A monograph of the same name will soon be released by the think tank, enumerating the choices U.S. policymakers have over Iran. These are the options that emerged from the briefing:
1. Persuasion. Ken Pollack described it as the policy of "carrots and sticks," except keeping silent about the sticks. The biggest downside to this approach is that it cannot work without substantial international support.
2. Engagement. This is different from what Obama is calling "engagement." It is a policy of all carrots and no sticks -- kill them with kindness. This is the approach the United States took with China starting with Nixon's visit in the 1970s. The biggest downside is that the time frame for achieving the U.S. goal (elimination of Iran's nuclear program) is huge, in the span of years to decades.
3. Invasion. There are countless downsides to this approach, mainly that it would require domestic support, which at this point it simply does not have.

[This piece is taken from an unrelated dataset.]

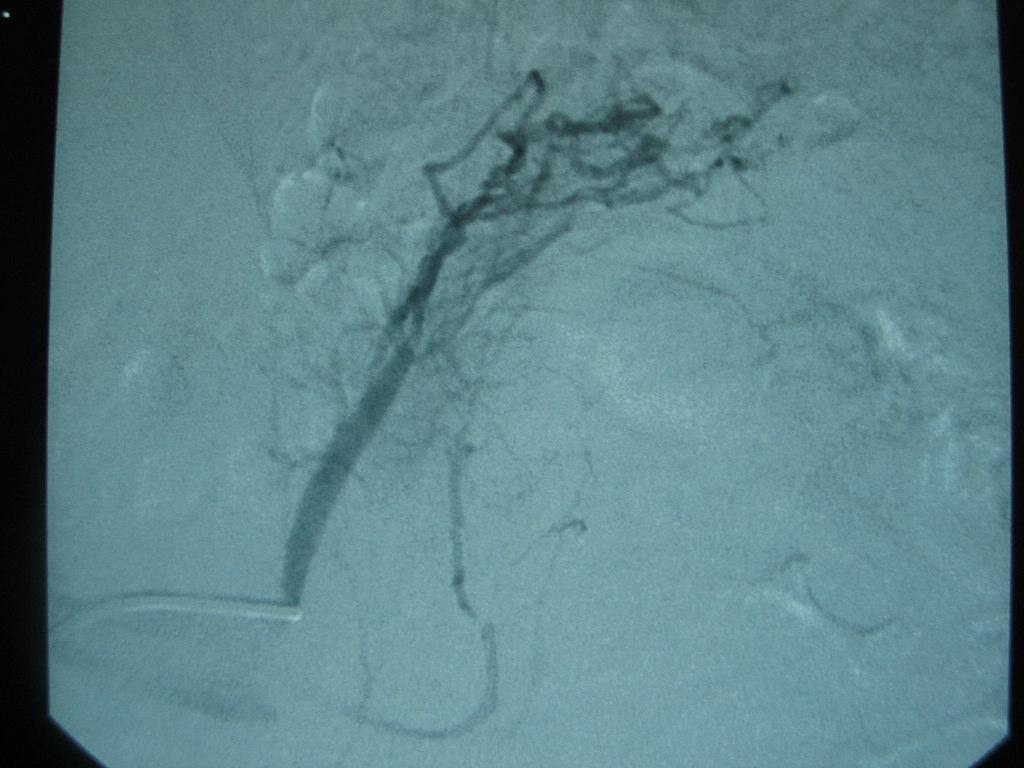 Adrenal Esq Aldosterona= = 758 ng/dl Veia esquerda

4. Air strikes. Though some hard-liners have favored this option, it also has many downsides. To be successful, it would require superb intelligence. And even if it were successful, it would likely only set back Iran's nuclear program by a few years, it would throw support to Iranian hardliners, it is not repeatable (i.e. the United States would be out of options after this if Iran continues its nuclear program). And, most importantly, this option provides no answer to Iran's support for terrorist groups.

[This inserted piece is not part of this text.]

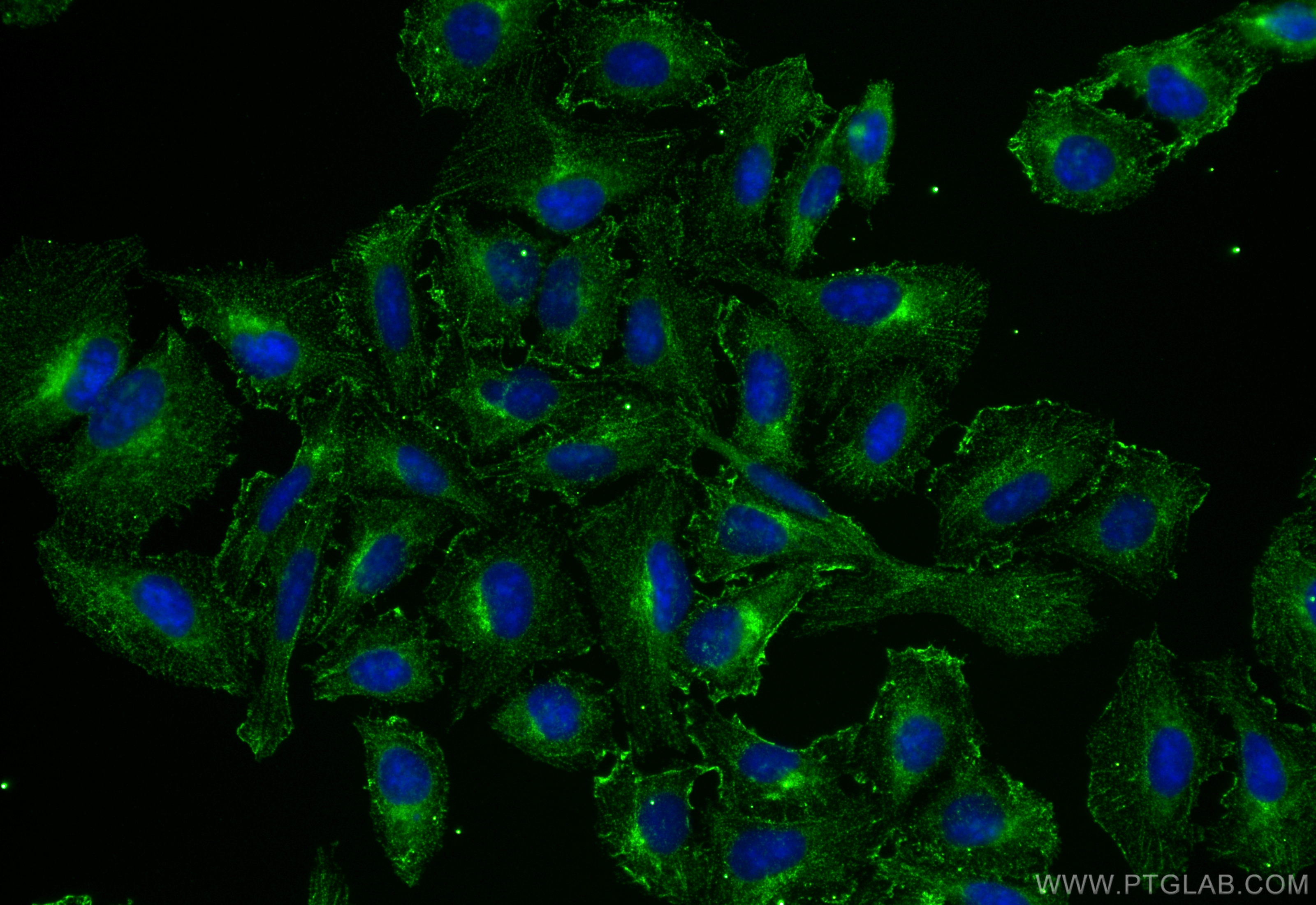 Immunofluorescence (IF) / fluorescent staining of U2OS cells using COG1 Monoclonal antibody (68642-1-Ig)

5. Israeli air strikes. This option has all of the same downsides as U.S. air strikes, but with a lower chance of success due to Israel's much smaller military.

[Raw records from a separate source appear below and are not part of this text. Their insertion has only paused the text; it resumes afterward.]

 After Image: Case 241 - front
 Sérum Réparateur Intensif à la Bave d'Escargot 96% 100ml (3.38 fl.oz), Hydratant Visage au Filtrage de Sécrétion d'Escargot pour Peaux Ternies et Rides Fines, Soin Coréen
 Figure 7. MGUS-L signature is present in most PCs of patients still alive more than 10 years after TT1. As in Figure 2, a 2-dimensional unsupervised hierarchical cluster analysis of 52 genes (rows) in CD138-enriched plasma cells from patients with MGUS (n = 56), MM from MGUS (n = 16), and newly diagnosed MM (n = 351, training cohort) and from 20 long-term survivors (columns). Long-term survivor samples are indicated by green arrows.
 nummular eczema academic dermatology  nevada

6. Popular revolution. While the previous options focus mostly on halting Iran's nuclear program, this option implies that the regime itself, not its behavior, is the real problem. Though this is an attractive option, it is impossible to predict and it is hard to know how best to help a fledgling revolution without discrediting or exposing it. Additionally, to succeed, the regime in power must lose the will and/or capacity to use violence, which at this point is not guaranteed.
7. Insurgency. The idea of promoting an insurgency inside Iran to precipitate regime change also appears attractive at first glance, but to be successful we would need to recruit reliable, highly capable people, which are hard to find. Even then, the chance of success is low.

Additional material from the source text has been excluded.